The age factor: never too old to learn a new language!
So, if you’re a frequent reader of this blog, you know of my interest in German. I have been fascinated by the idea of learning it for years when I was a teenager, then at University I felt the urgency of picking it as second language, in a very “who says I can’t learn that” kind of way.
German is tough if you don’t pay attention to it a hundred per cent. Age, however, plays a big part in the learning process. It is said that after a certain age the efforts are tougher and tougher. New vocabulary never sticks to your mind, then come other problems, a thousand things to do, and learning a language as a hobby is just too demotivating for some.
I have been teaching English at a private school, where most students were over 40, 50, 60. I can tell the main problem was that of confidence, a part from the limits one has because of the age.
I think I’m still quite flexible in learning a new language, but I know that as time goes by, I’m going to eventually find the same problem.
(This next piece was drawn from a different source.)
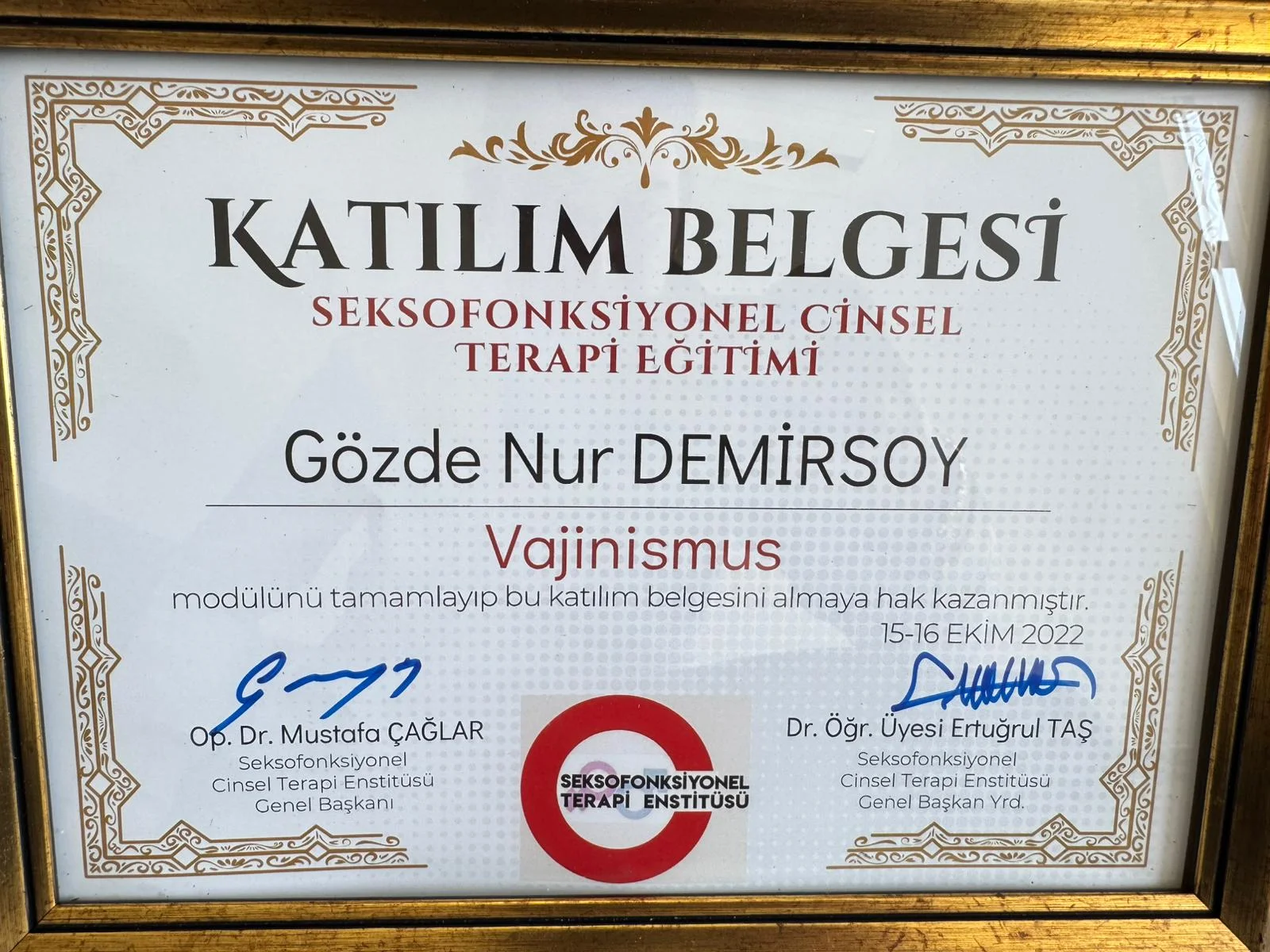 Seksofonksiyonel Cinsel Terapi — Vajinismus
So, here are my own self-imposed kind of generic tips to learning a foreign language in your adult years. Some basic rules which, I think, could be useful to others too:
- Let the new foreign language into your life gradually. You don’t want to impose something on yourself to which you are not completely ready and you acknowledge that. Grow the need of learning more about it, by surrounding yourself with it. How? Websites, short sentences (quotes might be useful), reading should probably be your first and major approach, listening must be introduced gradually.
- Get a high-school book which takes you into the culture of the foreign place whose language you’re studying. Accompany that with a grammar book, but once again let the language in gradually. Do not watch movies or tv-series in that language until you’re familiar with the main structures of sentences, grammar, etc… Same with books. You would spend most time checking words in the dictionary and would only obtain a counter-effect.
- When you’re ready, do watch films, listen to the radio, or read books. But use it yourself too! Write to someone in that language, find a penpal or an exchange partner who will help you in exchange of the same help in learning your native language. Experiment! Write short sentences, attempt at communication. Language is not only a passive means: you understand what others say, but you can say something too!
- Don’t be afraid of mistakes. I know every mistake could make you think “Oops, I knew it. I’m not made for this. I’m too old“. It is not true. You’d be amazed to see how many young people are just as much, if not more, demotivated by making mistakes. All you need is confidence. And I can tell you, every bit helps.
- Motivate yourself. As confidence is usually the powerforce of learning a new language, use that foreign language to increase your knowledge. Do I like soccer? Well, let’s read newspapers in German and see what German soccer teams are up to! Or, do I like books? I sure want to know what’s new in Literature in Germany. Perhaps some future worldwide bestseller which hasn’t been translated into English just yet! See?
Yes, it is true that when you’re older you are less flexible, therefore you are less open to change in communication. But that should not be an excuse, because it’s one thing to have a clear mind on what one’s limit are and try and act in order to jump the hurdle, and it’s another to just claim to have a hurdle and sit down without even trying to jump. Believe in yourself!